Politics

Donald Trump Jr. Plans to Meet With Jan. 6 Committee

WASHINGTON — Donald Trump Jr., former President Donald J. Trump’s eldest son, has agreed to meet soon with the House committee investigating the Jan. 6 attack on the Capitol, according to a person familiar with matter.

The committee has not issued a subpoena for Donald Trump Jr.’s testimony, but he is expected to answer questions voluntarily, the person said. His testimony is slated to come after his fiancée, Kimberly Guilfoyle, met with the panel on Monday for a lengthy interview, which the panel had said would focus on her activities the morning of Jan. 6, 2021, including an Oval Office meeting with the former president, and her role raising money for the rally that preceded the attack on the Capitol.

Donald Trump Jr.’s agreement to testify was reported earlier by ABC News. It was confirmed by a person familiar with it who spoke on the condition of anonymity because the talks about the younger Mr. Trump’s plans to appear were confidential.

He would be the latest family member of the former president to meet with the committee, which is investigating the deadliest attack on the Capitol since the War of 1812. More than 150 police officers were injured in the violence as a pro-Trump mob, believing the former president’s lie of a stolen election, stormed the building. Already, Mr. Trump’s sister Ivanka Trump and her husband, Jared Kushner, have testified during lengthy sessions with the panel.

The cooperation of members of Mr. Trump’s family stands in contrast to the stance taken by some allies of the former president, who have refused to meet with the committee or turn over documents. The panel has not decided whether to ask the former president for an interview.
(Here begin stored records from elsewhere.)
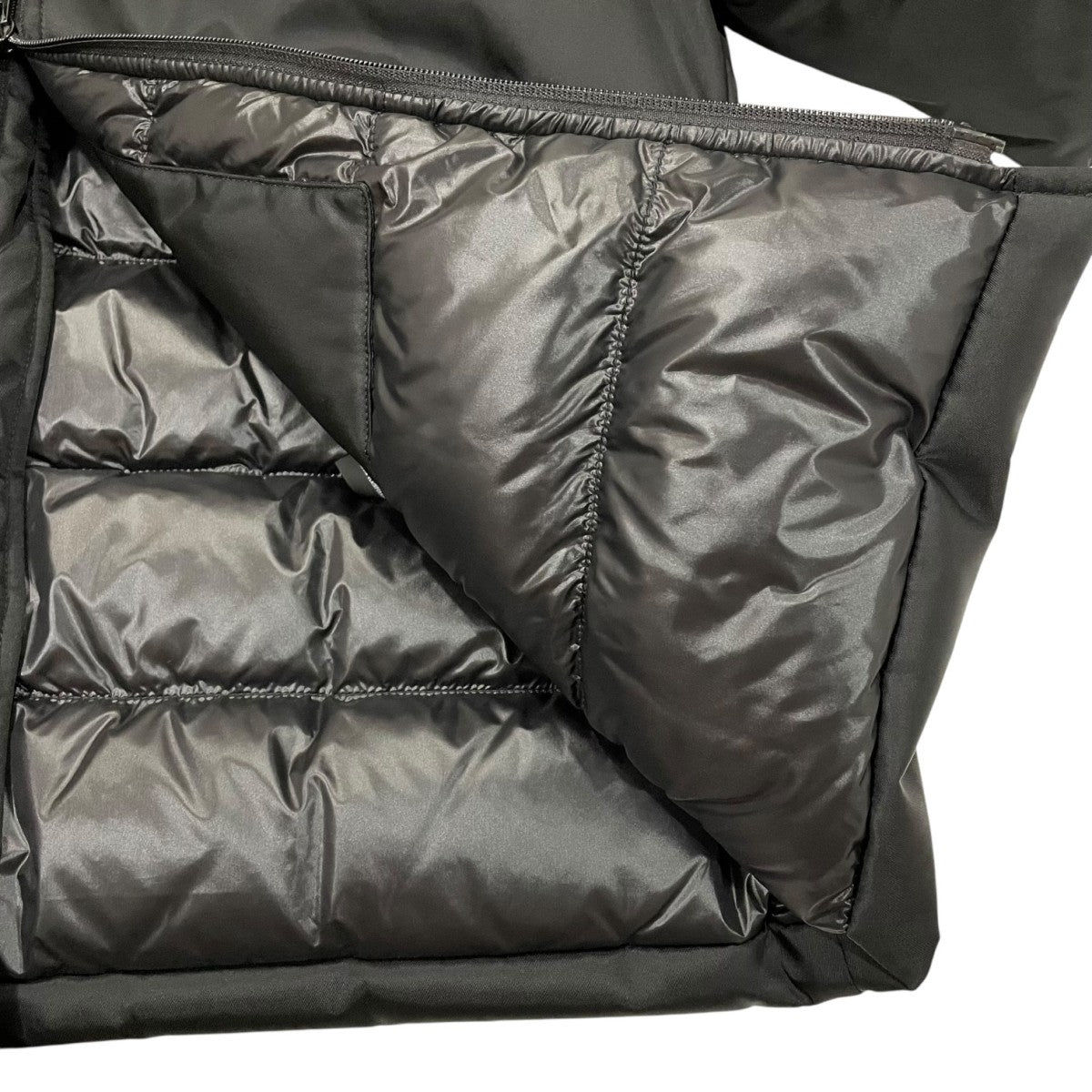 PRADA(プラダ) Re-Nylonクロップド ダウンジャケットSGC397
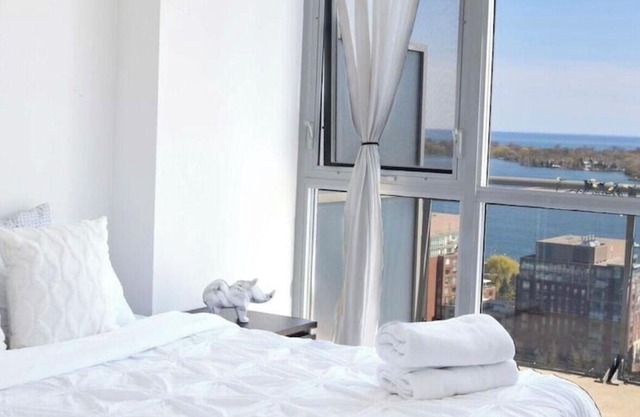 City Suites w Views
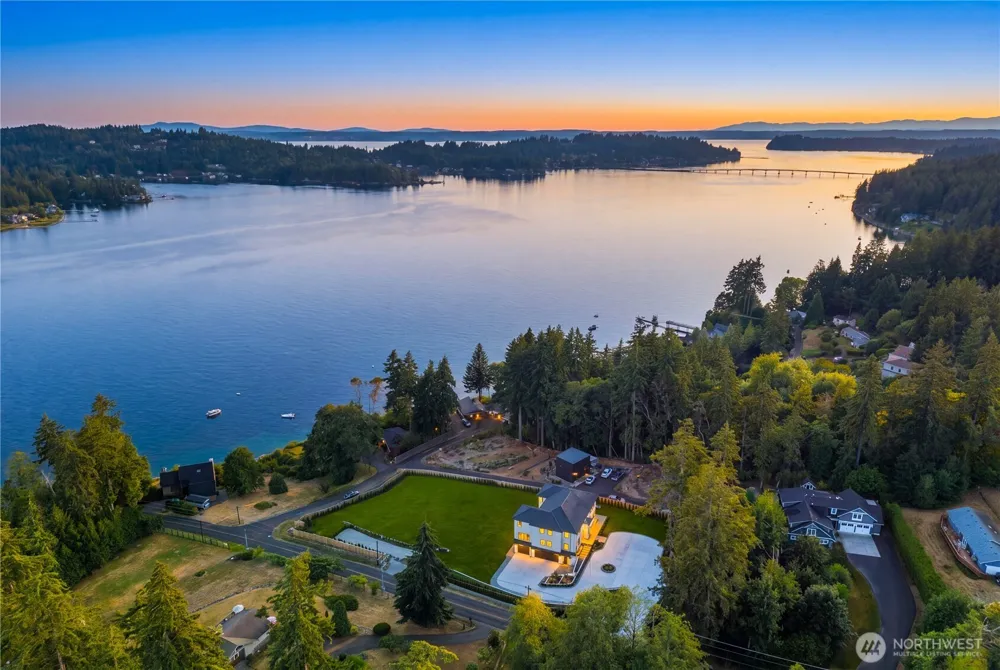 6220 Cromwell Drive NW Gig Harbor, WA 98335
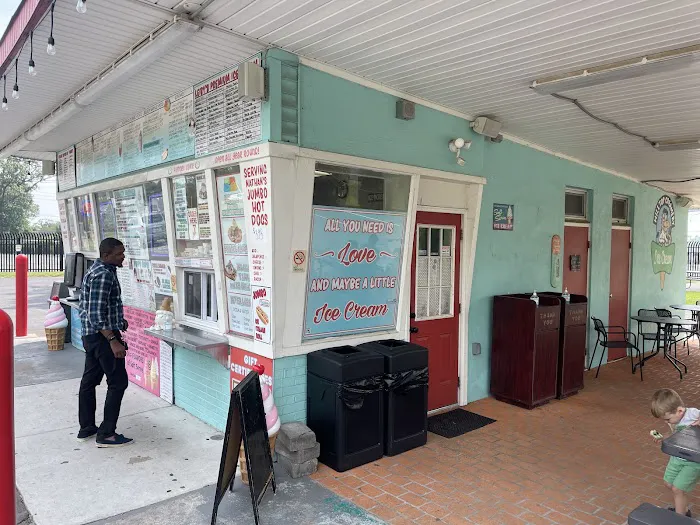 Hilltop Creamery Picture 5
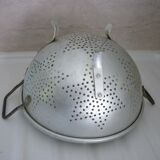 Aluminum strainer with 2 handles from the 50s-60s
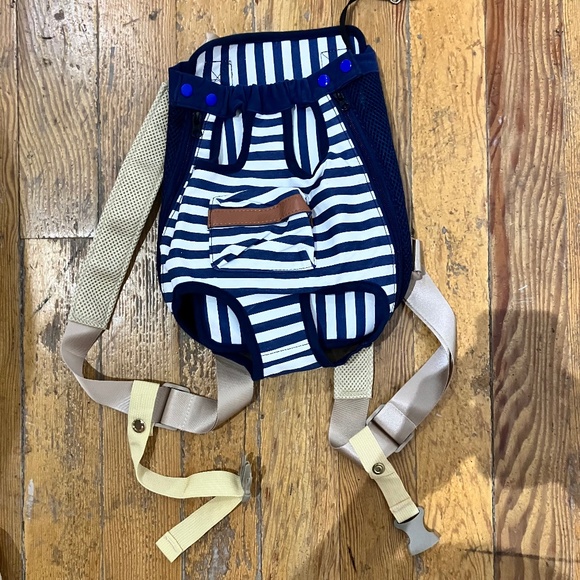 Coodia Legs Out Open Fronf Dog carrier - Picture 1 of 5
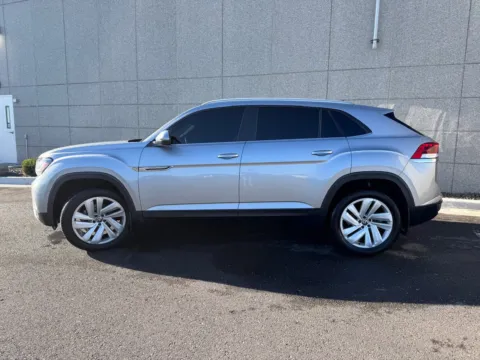 More photos of 2021 Volkswagen Atlas Cross Sport 3.6L V6 SE w/Technology at Twin Falls Subaru, ID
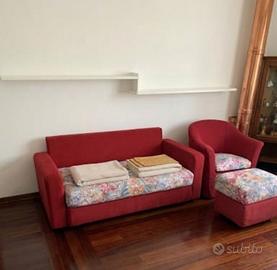 Divano letto + poltrona + pouf coordinati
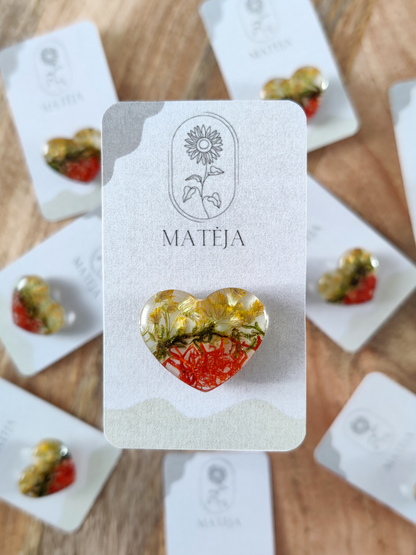 Tautinė širdelės formos sagė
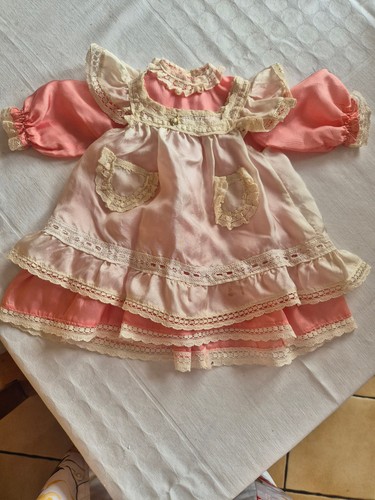 Puppenkleid für eine puppe - puppenkleid,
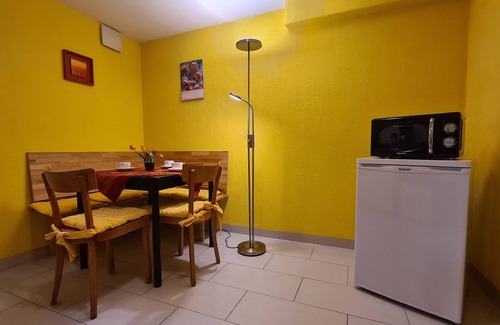 Landstuhl Apartamento | Milagro del espacio con equipo completo
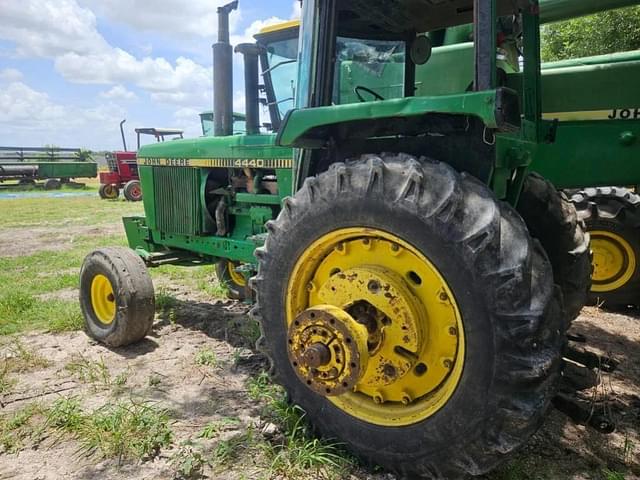 Image of John Deere 4440 equipment image 4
The panel’s investigators have learned about some of the younger Mr. Trump’s actions concerning the effort to overturn the 2020 election through text messages he sent to Mark Meadows, the White House chief of staff at the time.

Donald Trump Jr. sent one message two days after Election Day in 2020 that laid out strategies for declaring his father the winner regardless of the electoral outcome.

“We have multiple paths,” he wrote to Mr. Meadows on Nov. 5, 2020. “We control them all.”

The message went on to lay out options that Mr. Trump or his allies ultimately employed in trying to overturn the results of the election, including legal challenges, promoting alternative slates of electors and focusing efforts on the statutory date of Jan. 6 for Congress’s official count of the Electoral College results.

A lawyer for Donald Trump Jr. has said the message “likely originated from someone else and was forwarded.”

The younger Mr. Trump also texted with Mr. Meadows during the riot, urging him to move the president to act as the violence played out.

In December, Representative Liz Cheney, a Wyoming Republican and the vice chairwoman of the committee, read aloud at a public meeting from text messages Donald Trump Jr. sent to Mr. Meadows amid the Capitol siege, urging the president to speak out against the mob violence.

“He’s got to condemn this shit ASAP,” the younger Mr. Trump texted Mr. Meadows.

“I’m pushing it hard,” Mr. Meadows responded. “I agree.”

In another message, the younger Mr. Trump implored Mr. Meadows: “We need an Oval address. He has to lead now. It has gone too far and gotten out of hand.”